The guests repaired to the dining table, laughing and vehemently arguing, and Pericles, forgetting even his Helena, led Aspasia to the chair which stood beside the ornate divan reserved for him as the most distinguished guest. He could smell her perfume, that of lilies, and he wondered if that had pleased the Persian satrap, and that she wore it in memory of him. He felt a pang of jealousy. Nard became her more, or heliotrope. She was the most beautiful woman he had ever seen, though he saw that she was not deliberately voluptuous, and used no conscious arts or seductions. There was a certain pure clarity about her, almost virginal, for all she had been a courtesan. He no longer believed in the vile rumors about her. She had put from her, like a garment, the lessons she had been taught by Thargelia, the artifices and smirks and graces destined to lure and hold a man. If she had any passions now it was for her school. He had heard that she had had lovers in order to obtain money for her young ladies’ tutoring. He knew it was not true. The satrap had left her a fortune. He must have loved her dearly, Pericles thought, with a stronger pang than before, and now with resentment. He decided he hated the satrap who had brought her to his bed from Thargelia’s house.

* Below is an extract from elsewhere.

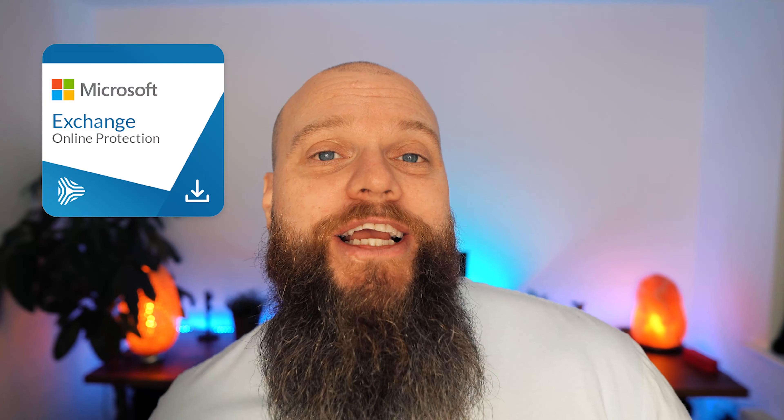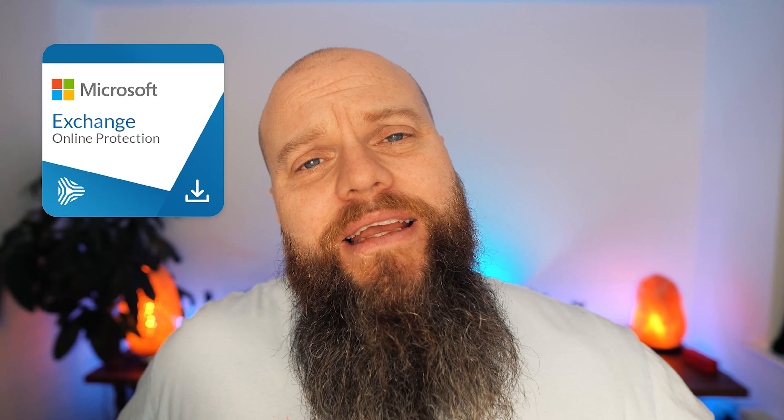Today I'm going to focus on businesses who use Microsoft 365 as their email of choice. There are over 1 million businesses worldwide using Microsoft 365, so the audience for this video should be pretty large. With every Microsoft 365 mailbox, you get some level of email protection built in, called Exchange Online Protection. For me, this is basic email protection — I think businesses need more.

The guests began to seat themselves, still arguing. Suddenly the thunder became a deeper, heavier sound, a subterranean rumbling, and the earth moved and the lamps and curtains in the dining hall swayed. The guests looked at each other with dismay. “Pluto,” said one, “is stirring on his black bed. Doubtless Proserpine lies in his arms.” Some laughed, though uneasiness had them. They waited for another ominous rumble, but it did not come. The curtains fell into place, and the chattering of plates and cutlery and glass ceased.
“It is strange,” said Socrates in his high and piping voice, “that the forces of nature disturb us more than do the utmost ferocities of men. That is because we cannot control nature but we can exhibit even worse ferocity to enemies.”
“It is said by us scientists,” Anaxagoras remarked, “that one day we shall control nature.”
Socrates lifted pious and antic eyes. “That will be an even worse calamity than the uncontrolled furies of nature. I do not trust my beloved fellows. We are more inventive than nature, and with malice. Nature, at least, is without discrimination and knows no evil passions.”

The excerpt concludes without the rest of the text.